A los Baudelaire no les fue preciso emplear
la imaginación, abandonaron la furgoneta tras el barbudo y el resto
de voluntarios y se plantaron ante la fachada de la mitad más
bonita del hospital. Mientras los voluntarios estiraban brazos y
piernas tras el largo trayecto y ayudaban al barbudo a sacar de la
parte trasera de la furgoneta un montón de globos en forma de
corazón, los Baudelaire aguardaban nerviosos en el césped, sin
saber qué hacer.
—¿Adónde vamos? —preguntó Violet a sus
hermanos—. Si nos ponemos a cantar por los pasillos, alguien
terminará por reconocernos.
—Tienes razón —dijo Klaus—. Dudo que los
médicos, las enfermeras, el personal administrativo y los pacientes
crean que la falta de noticias sea una buena noticia. Seguro que
alguno habrá leído El Diario
Punctilio.
—Aronec —añadió Sunny, aunque en realidad
quería decir: «Y aún no hemos averiguado nada de VFD o Jacques
Snicket».
—Es verdad —convino Violet—. Quizá
deberíamos buscar un archivo, como decía el hombre barbudo.

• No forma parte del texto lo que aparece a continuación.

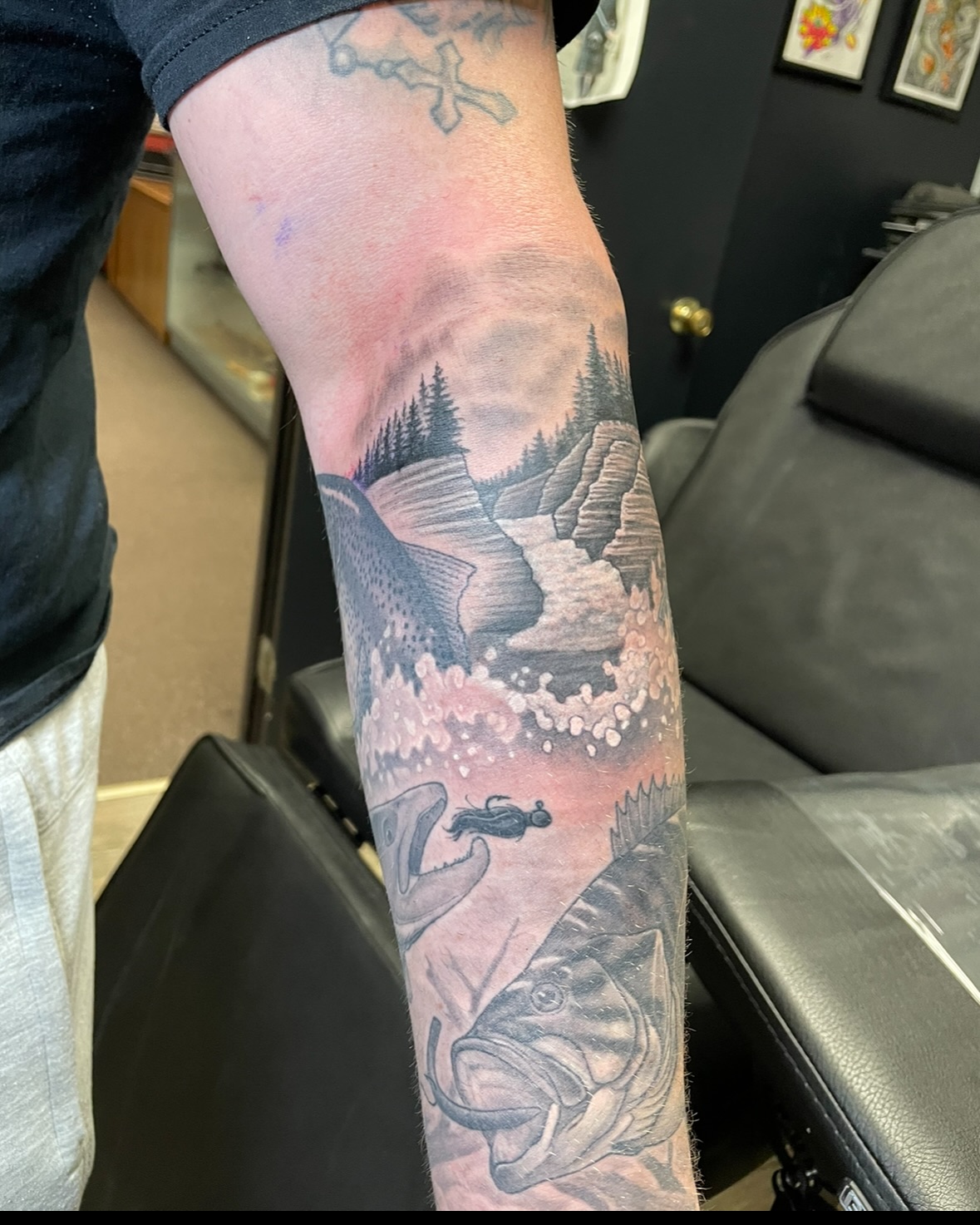 Danny Peltier tattoo 05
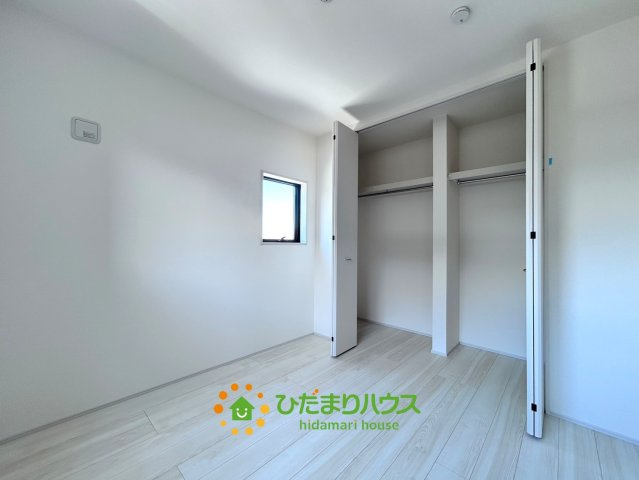 蓮田市椿山第7　新築一戸建て　リーブルガーデンの収納|収納力たっぷりです♪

—Pero ¿dónde? —replicó Klaus—. Por aquí no
hay nada más.
—¡Andar no! —advirtió Sunny.
—Tampoco yo quiero darme otra paliza andando
—afirmó Violet—, pero no sé qué otra cosa podemos hacer.
—¡Listos, voluntarios! —exclamó el barbudo.
Sacó la guitarra de la furgoneta y se puso a tocar los acordes de
una alegre cancioncilla que a los Baudelaire empezaba a resultarles
familiar.
Somos Voluntarios
frente al dolor,
repartir alegría es
nuestra misión.
Si alguien dice
habernos visto tristes,
cometerá una gran
equivocación.
—¡Atención! —interrumpió de pronto una voz
que parecía venir del cielo. Era una voz femenina, aunque muy
chirriante y opaca, como si quien hablara fuera una mujer con un
pedazo de papel de aluminio tapándole la boca—. ¡Atención, por
favor!
—¡Callaos todos! —exclamó el barbudo,
interrumpiendo la canción—. Es Babs, la jefa de recursos humanos
del hospital. Tendrá algo importante que comunicarnos.
—¡Atención! —repitió la voz—. Les habla
Babs, de recursos humanos. Tengo algo importante que
comunicarles.
—¿De dónde viene la voz? —preguntó Klaus,
temiendo que la tal Babs reconociera a los tres presuntos asesinos
entre los voluntarios.
—De algún lugar del hospital —respondió el
barbudo—. Babs prefiere comunicarse por megafonía.
En este contexto la palabra «megafonía»
significa que la persona habla por un micrófono desde cierto punto
y su voz sale por unos altavoces situados en otro punto;
efectivamente, los Baudelaire vieron una pequeña hilera de
altavoces cuadrados situados encima de los retratos de los médicos,
en el ala terminada del edificio.
—¡Atención! —repitió la voz de nuevo, cada
vez más chirriante y opaca, como si la mujer con el pedazo de papel
de aluminio tapándole la boca se hubiera caído a una piscina llena
de gaseosa.
Un modo no muy agradable de escuchar la voz
de nadie; sin embargo, en cuanto Babs terminó de hablar, la fiera
que los Baudelaire llevaban dentro se amansó al instante, como si
aquella voz chirriante y opaca se hubiera convertido en una pieza
musical. Pero lo que hizo que los Baudelaire se sintieran mejor no
fue el sonido de la voz de Babs. El comunicado tranquilizó a la
fiera que llevaban dentro gracias al contenido de su mensaje.
—Necesito que tres miembros de VFD se
ofrezcan voluntarios para una tarea especial —anunció—. Deberán
presentarse inmediatamente en mi despacho, situado en la planta
diecisiete a la izquierda, según se entra en el ala terminada del
edificio. En lugar de cantar por los pasillos, los tres voluntarios
trabajarán en el archivo del Hospital Heimlich.